[Saved entries]
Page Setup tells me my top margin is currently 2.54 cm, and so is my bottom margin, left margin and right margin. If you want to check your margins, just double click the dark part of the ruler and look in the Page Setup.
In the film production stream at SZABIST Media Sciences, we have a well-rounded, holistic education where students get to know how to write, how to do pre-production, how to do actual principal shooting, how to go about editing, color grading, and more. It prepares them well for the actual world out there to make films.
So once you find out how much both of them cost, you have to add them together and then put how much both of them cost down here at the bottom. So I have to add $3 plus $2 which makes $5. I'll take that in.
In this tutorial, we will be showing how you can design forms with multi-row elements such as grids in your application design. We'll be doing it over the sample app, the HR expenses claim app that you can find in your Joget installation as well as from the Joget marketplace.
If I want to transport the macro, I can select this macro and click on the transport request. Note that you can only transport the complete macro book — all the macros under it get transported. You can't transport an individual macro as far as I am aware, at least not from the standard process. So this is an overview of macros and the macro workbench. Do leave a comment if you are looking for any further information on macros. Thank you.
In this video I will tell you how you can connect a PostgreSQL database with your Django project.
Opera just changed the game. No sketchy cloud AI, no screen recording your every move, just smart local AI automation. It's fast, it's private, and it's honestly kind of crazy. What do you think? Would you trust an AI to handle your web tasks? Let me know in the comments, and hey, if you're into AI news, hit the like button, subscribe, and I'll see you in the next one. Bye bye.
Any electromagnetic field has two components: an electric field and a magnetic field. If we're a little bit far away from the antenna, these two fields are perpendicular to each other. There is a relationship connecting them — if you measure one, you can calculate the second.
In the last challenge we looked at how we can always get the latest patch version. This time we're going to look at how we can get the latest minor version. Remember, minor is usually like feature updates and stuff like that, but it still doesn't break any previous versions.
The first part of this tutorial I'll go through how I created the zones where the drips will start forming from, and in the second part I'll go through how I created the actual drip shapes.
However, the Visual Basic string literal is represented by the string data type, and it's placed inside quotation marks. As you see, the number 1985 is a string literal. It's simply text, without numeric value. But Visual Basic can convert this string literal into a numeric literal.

Task details :: Among the entries above, the lines between the ones containing "If I want to" and "In this video", inclusive, are to be transcribed exactly. No other line is to be given.

Answer section ::
If I want to transport the macro, I can select this macro and click on the transport request. Note that you can only transport the complete macro book — all the macros under it get transported. You can't transport an individual macro as far as I am aware, at least not from the standard process. So this is an overview of macros and the macro workbench. Do leave a comment if you are looking for any further information on macros. Thank you.
In this video I will tell you how you can connect a PostgreSQL database with your Django project.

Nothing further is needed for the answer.